How to give your kids Healthy Meals on a Limited Budget

Smart Single Mum Parenting For Happy Kids

How to give your kids Healthy Meals on a Limited Budget

Kate Bloomsbury – Single Mum Blog | 16 February 2012


We all know the importance of giving your kids healthy

…meals that are part of a greater nutrient-rich well-balanced diet. As many a parenting manual and nutritionist will attest, a good diet is essential for physical and cognitive development and healthy immune systems. Instilling good dietary habits from a young age also means that your kids are more likely to have a healthy attitude towards food in adult life.

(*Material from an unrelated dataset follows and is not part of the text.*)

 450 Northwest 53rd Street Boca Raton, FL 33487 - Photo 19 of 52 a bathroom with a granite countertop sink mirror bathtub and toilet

This is all well and good but eating well is not necessarily conducive to spending little. Supermarkets don’t make things easy as junk food, fatty snacks and pre-packaged ready meals are all markedly cheaper than say, organic fruit and vegetables.

Plus, what child would really choose to eat salad with their meal as opposed to fries, without putting up a fight? Certainly not my child! Convincing kids to eat healthy meals is hard task for any parent so even if you’ve pulled off a healthy weekly shop within budget, it doesn’t necessarily mean your kids will go for it.

There are a few things you can do though. Here’s a few tips for getting your kids to eat healthy meals without breaking the bank.

Healthy Meal Planning

It may seem obvious but the first rule for a good food budget is planning. If possible, evaluate what you spend on food on average on a weekly basis so you’re able to work out what can cut down on or exchange for a healthier option. Then, work on planning each meal including lunches so you only buy the necessary ingredients.
Check the weekend newspapers for supermarket discount coupons. Always check out the special offers sections in stores as well, though be careful not to get carried away (as I often have) and end up overspending. Buy supermarket own brands wherever possible.
If you’re kids are fussy about eating fruit and vegetables, don’t be afraid to use trickery and disguise on them! Blended soups, pasta sauces and fruit smoothies are all effective ways to get those nutrients into them.
Find out what fruits and vegetables are in season for your area and choose healthy meal recipes accordingly. If you’re feeling super-organised, start a family recipe book with recipes grouped by season so you have a ready-made cookery guide for next year.
Invest in some good sturdy storage containers and buy certain foods (e.g. pasta, oats, rice, cereals) in bulk. This will work out much cheaper in the long term.
Consider growing your own vegetables. If you have the time cultivating a vegetable patch can be rewarding both for your wallet, the environment and your kids who will learn about nature in the process.
Then sometimes when all this virtue gets too much work, I think it is more important to have quality dinner time with the kids rather than running around soaking chickpeas! Ordering in can really save the day, I use this chance for the kids to try something different like Vietnamese or Japanese: both of which are reasonably priced and have plenty of healthy options.